Task details: For this exercise, output exactly and only the lines running from the one with "Kim Kardashian has" through the final line of the data below, without pictures.

Information provided:

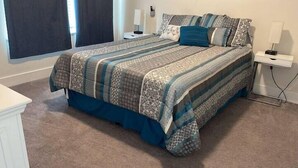 Een slaapkamer met een groot bed, nachtkastjes en een raam met gordijnen.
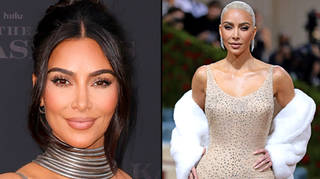 Kim Kardashian has to have help squashing her butt into Marilyn Monroe's dress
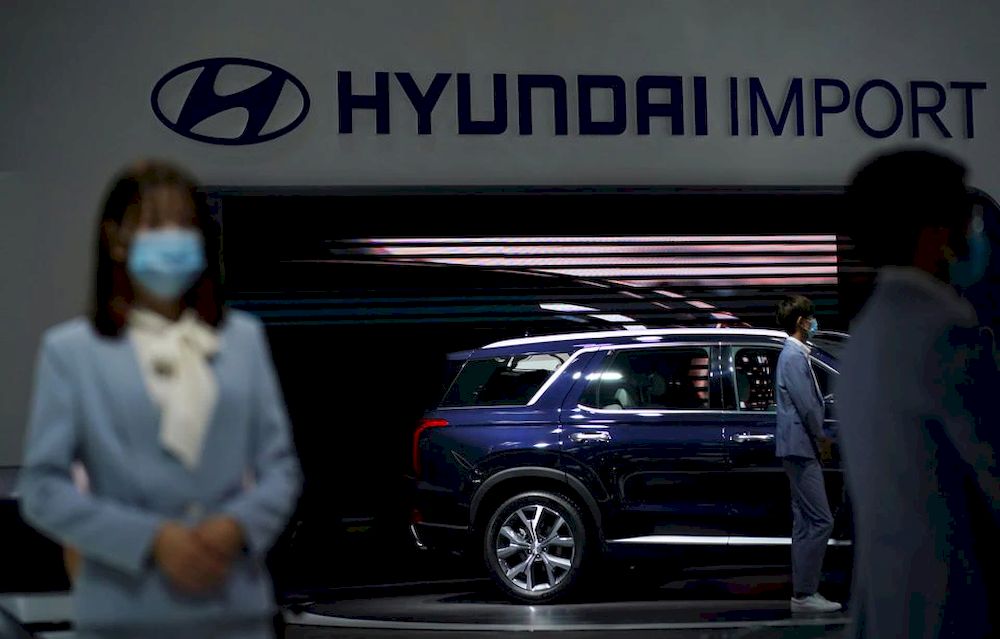 Staff members wearing face masks are seen at a Hyundai booth at the Beijing International Automotive Exhibition, or Auto China show, in Beijing, China September 27, 2020. u00e2u20acu201d Reuters pic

Solved problem:
 Kim Kardashian has to have help squashing her butt into Marilyn Monroe's dress
 Staff members wearing face masks are seen at a Hyundai booth at the Beijing International Automotive Exhibition, or Auto China show, in Beijing, China September 27, 2020. u00e2u20acu201d Reuters pic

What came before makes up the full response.